It’s easy to justify the stress overtaking the moment. “If I don’t focus on my work we don’t eat.” That very well may be true to a point. Eight o’clock at night business is closed you can give your spouse, or children some of your time.

Being able to be present in the moment with family is precious. You can’t get back time, ever! What I learned the hard way is that your stress will be there in the morning, why not leave it at the front door. Easier said than done!

Here are some things I do today so that I can be present in the moment:

  1. Stress if I allow overtaking my brain, makes matters worse. Learn to harness your stress. If you freak out, that is precisely what your Universe will deliver to you!
  2. Meditate daily. Learn to relax, focus your mind. It’s in these moments solutions will come to you.
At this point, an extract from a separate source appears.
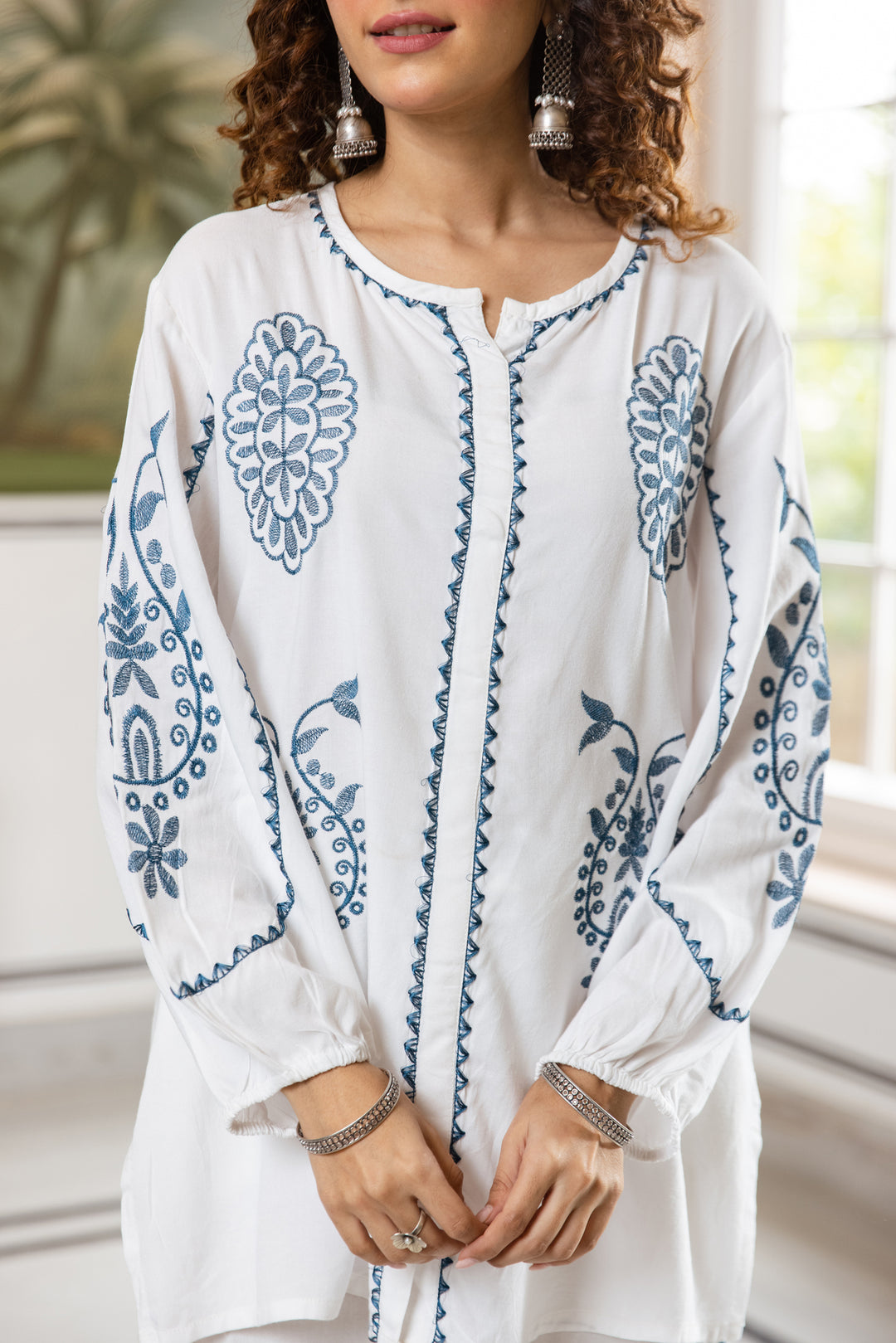 Nehamta Women's White Rayon Tunic with Palazzo Set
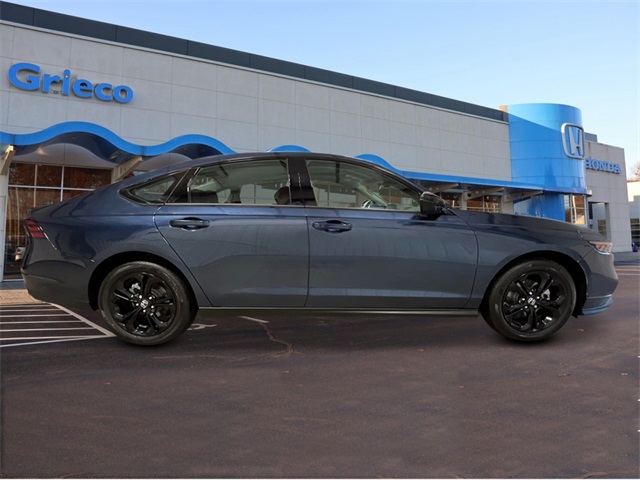 2025 Honda Accord SE photo 4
Peace will come to you!
  3. Breathe, you heard me breathe. During the day, stop and breathe. Take a couple deep cleansing breaths and then breath in through the nose and out through the mouth. Do this for about a minute only. Try it you will be amazed.
  4. Prioritize time for your family. They’re way more important than ANYTHING else you could be focused on. Happy breeds Happy in your home! You bring the stress and guess what, that’s what the family gets, stress. Stop it!
  5. Take a walk. I am not talking about going to the gym take a walk. Get outside and clear your head. Enjoy the world around you. Learn to relax. Walking helps to do this. This is not a workout walk, this is holding the hand of your spouse walk.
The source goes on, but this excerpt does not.